In the late 1970s, Miles gave up making music so that he could focus on doing cocaine and having sex with women. That’s maybe the most perfect hipster life possible – the existance that all hipsters aspire to. Once you’ve made a bunch of genre defining albums, and created a iconoclastic, enigmatic persona, to just retire and stick your face in a mountain of blow. And he came back from that to make some more records before he died too. I used to have a copy of his final album, “Doo-bop” (I think?), which was made with a hip-hop producer in 1990. It’s Miles soloing over straight electronic beats. He never stopped moving towards the newest sounds, working with the latest up-and-comers. He was always on the edge, from the very start.
Miles arrived in New York City in 1944 – aged 18 – to study at Julliard, but was soon playing with Charlie Parker, who was the man of the hour in jazz. The late 1940s sometimes strike me as the most exciting time in jazz, a crossroads when the old big bands were still current, but you had a generation of players emerging who were completely changing the art form. New York must have been just amazing in those days – the world was so fluid in those days, and there were so many incredible musicians playing. The bust of Tom Pendergast, the political boss of Kansas City, under whose reign the jazz clubs in that town had flourished, in 1939 brought a new style to NYC in 1940, just before the beginning of the War. I feel like the War is a truly unappreciated thing sometimes in American culture. It changes everything because crazy stuff is possible during war time. Thelonius Monk became the after-hours pianist at Minton’s. I remember when I was a teenager getting into jazz, I was always trying to figure out the whole bebop thing. Much later I came to think of it as the rise of the late night jam session in New York. The Kansas City players brought a style focused more on long-form jams rather than the compressed solos of the big band style that had dominated New York in the 1920s and 30s.

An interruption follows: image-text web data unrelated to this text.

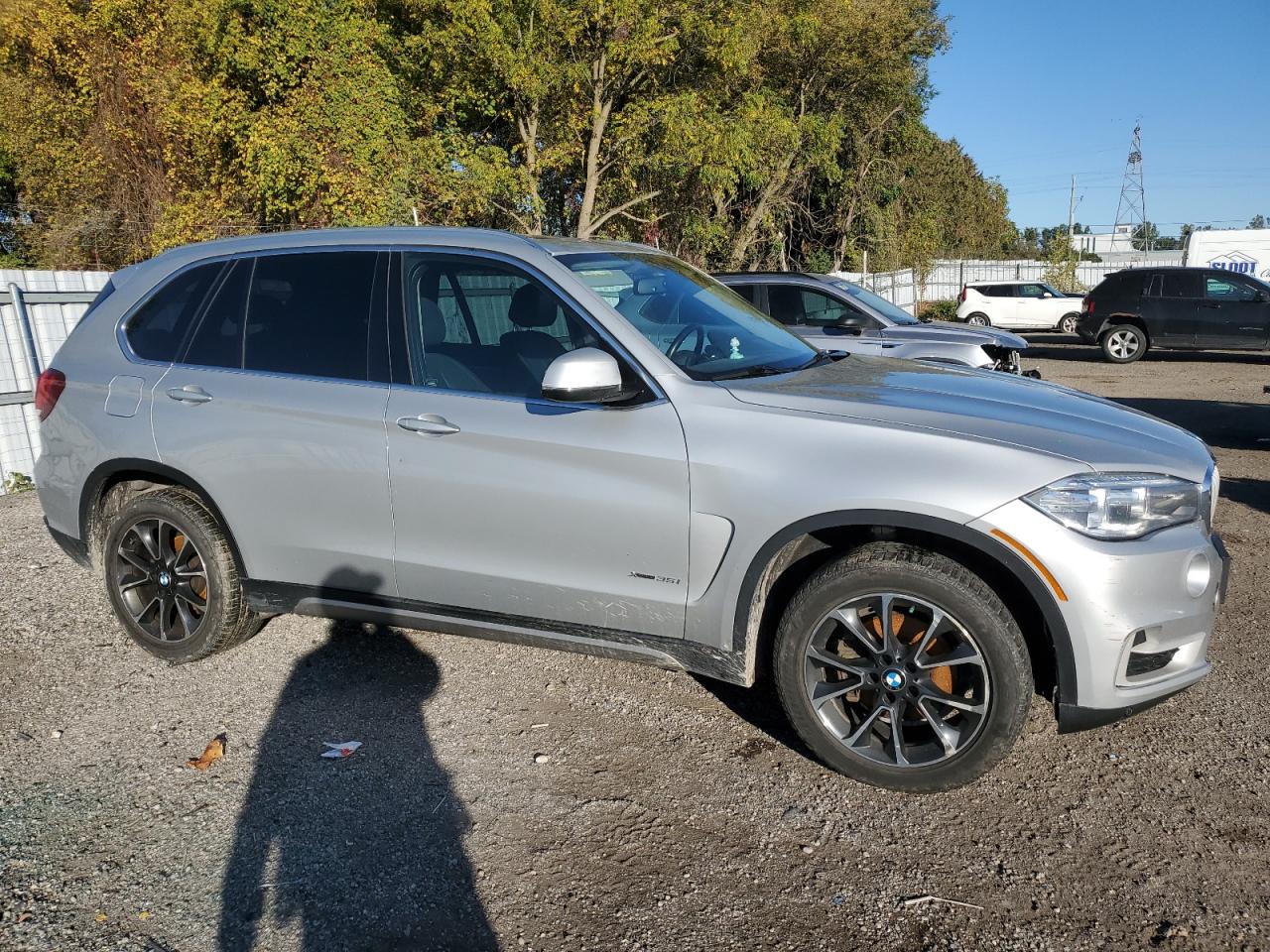 2016 BMW X5 xDrive35I VIN: 5UXKR0C51G0P22012 Lot: 85486085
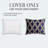 Anxo Geometric Throw Pillow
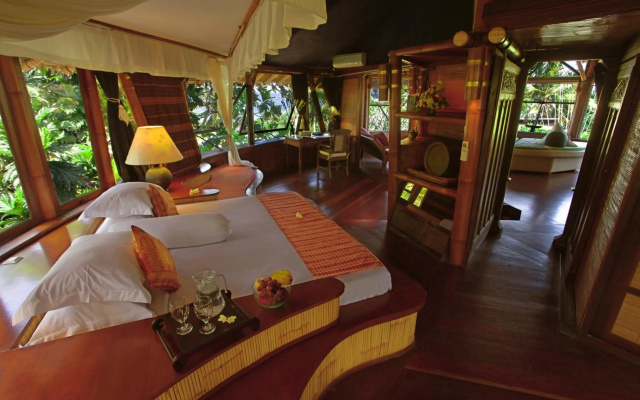 Sejuk Beach Villas – Guest Rooms – Cemagi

One of the most annoying things about trying to write anything about jazz is that it makes me want to constantly look over my shoulder. There’s always someone who knows more, and there’s a constant need to acknowledge authority in a jazz scene, which I find utterly frustrating. When I used to play in a jazz band in Chicago I would get super annoyed at the heirarchies in the scene, which were totally meaningless beyond the scene, but were important for gigging within it. I’m extremely bad at playing politics within a scene, because I almost always see them as anti-politics, i.e. everyone is looking out for their narrow interest, and trying to make sure nobody else gets anything to be jealous of. Ridiculous, but not unusual. Being original is so much harder than I ever thought. Not because it’s hard to make stuff up though, but because it’s nearly impossible to get people to accept anything new. But in the late 1940s, the world was ripe for originals, and Miles Davis was always the most original.

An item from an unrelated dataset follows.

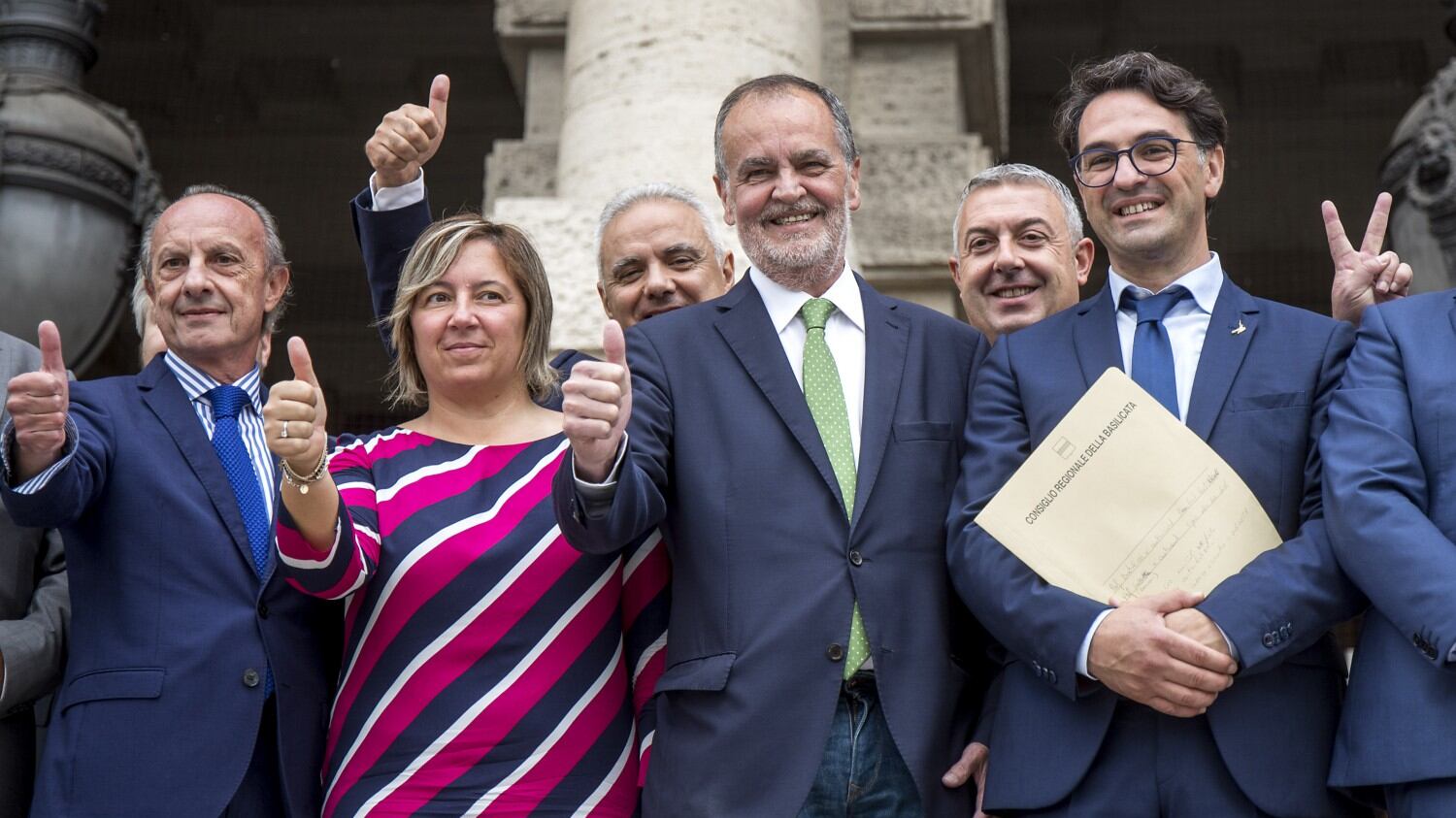 Lega sull'Aventino: no al reddito all'ex Br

It’s really crazy, too, how he was right at the forefront of bebop in the late 40s, and then cool jazz in the early 50s, and then hard bop in the late 50s, and then modal jazz in the early 60s, and then fusion in the late 60s and early 70s. It’s also crazy how many records he put out – but then, in those days you could make records a whole lot faster. And jazz musicians were great at cranking out records. The level of musicianship made that possible. It was possible to just have a group walk into the studio, and have them record a classic. That’s almost impossible to do now, but so much more is made out studio recording. Everything has to be big and fancy and expensive. But I think that has more to do with preserving the mystique of the recording studio than anything else. Music is such a strange thing now – we put it on a pedastal, under a microscope, and everyone tries too hard. Miles always sounds like he’s just in the thick of it.
Part of what made him so great was his ability to listen – he might have had the finest ears anywhere – and the way he could put together great bands. There are still lots of great musicians playing today, and lots of great music, but there’s nothing like Miles Davis right now.